J’ai souvent vu dans ma consultation des cadres extrêmement investis dans leur travail. Mais à quel moment, le surinvestissement devient une souffrance?
C’est une question clinique passionnante. Soit la surcharge de travail et l’hyperactivité aliénante sont d’origine organisationnelle. Les méthodes managériales utilisées orchestrent l’assujettissement des corps et des psychismes par les moyens technologiques qui effacent la frontière entre vie privée et vie professionnelle. Proposer au salarié de devenir un héros en atteignant les objectifs qui feront la gloire et le prestige de son entreprise vient capturer notre envie de laisser une trace, de contribuer au développement d’une histoire, d’être reconnu par nos pairs.

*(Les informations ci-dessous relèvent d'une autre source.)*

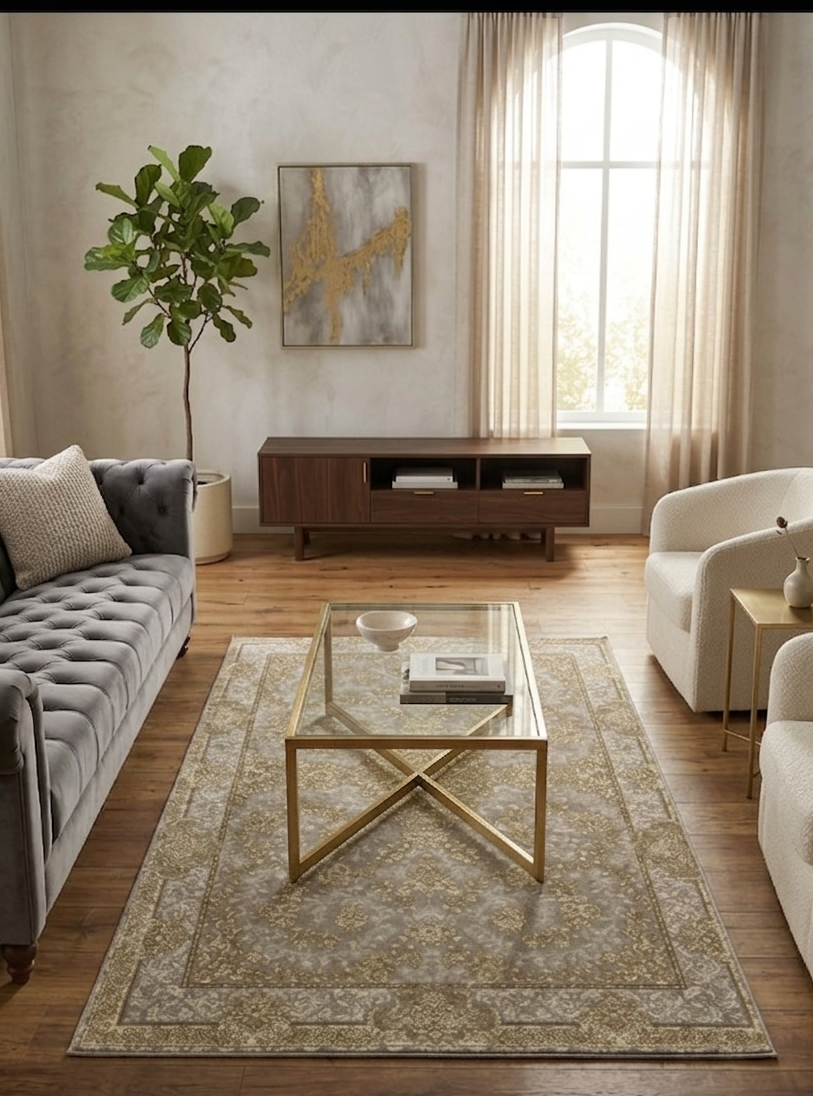 Modern Floral Rug - 3 x 5 ft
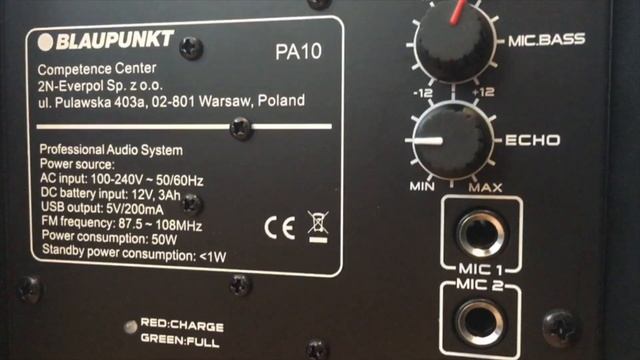 ??? BLAUPUNKT POWER AUDIO PA10 ( Party Speaker ) смотреть онлайн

Soit le sujet se shoote au travail comme d’autres à la drogue pour calmer son vide intérieur ou son angoisse et s’impose ses rythmes, ses exigences, ses objectifs, sans parvenir à diminuer une charge de travail qu’il juge pourtant excessive . Mais quelquefois, ce désir d’exister, d’être reconnu comme un être unique s’engouffre dans le travail, rien que le travail. Se détacher du travail devient impossible. La souffrance surgit lorsque le travail devient toute la vie.

Les salariés ont souvent l’impression que le médecin du travail dépend totalement du patron. Du coup, ils ont une certaine défiance vis à vis de lui. Cependant, en tant que médecin traitant, que puis-je attendre de lui ?
L’image du médecin du travail est malheureusement souvent négative alors qu’il est un acteur médical central dans l’entreprise puisqu ’il est le conseiller du salarié comme du chef d’entreprise. Il est le seul à pouvoir entrer dans l’entreprise, faire une visite de poste, mettre inapte temporairement ou définitivement, faire muter, reclasser, alerter sur une situation de harcèlement véritable. Il fait appliquer le Code du travail. Les pratiques de coopération avec lui sont fondamentales et il est soumis au secret professionnel comme les autres médecins.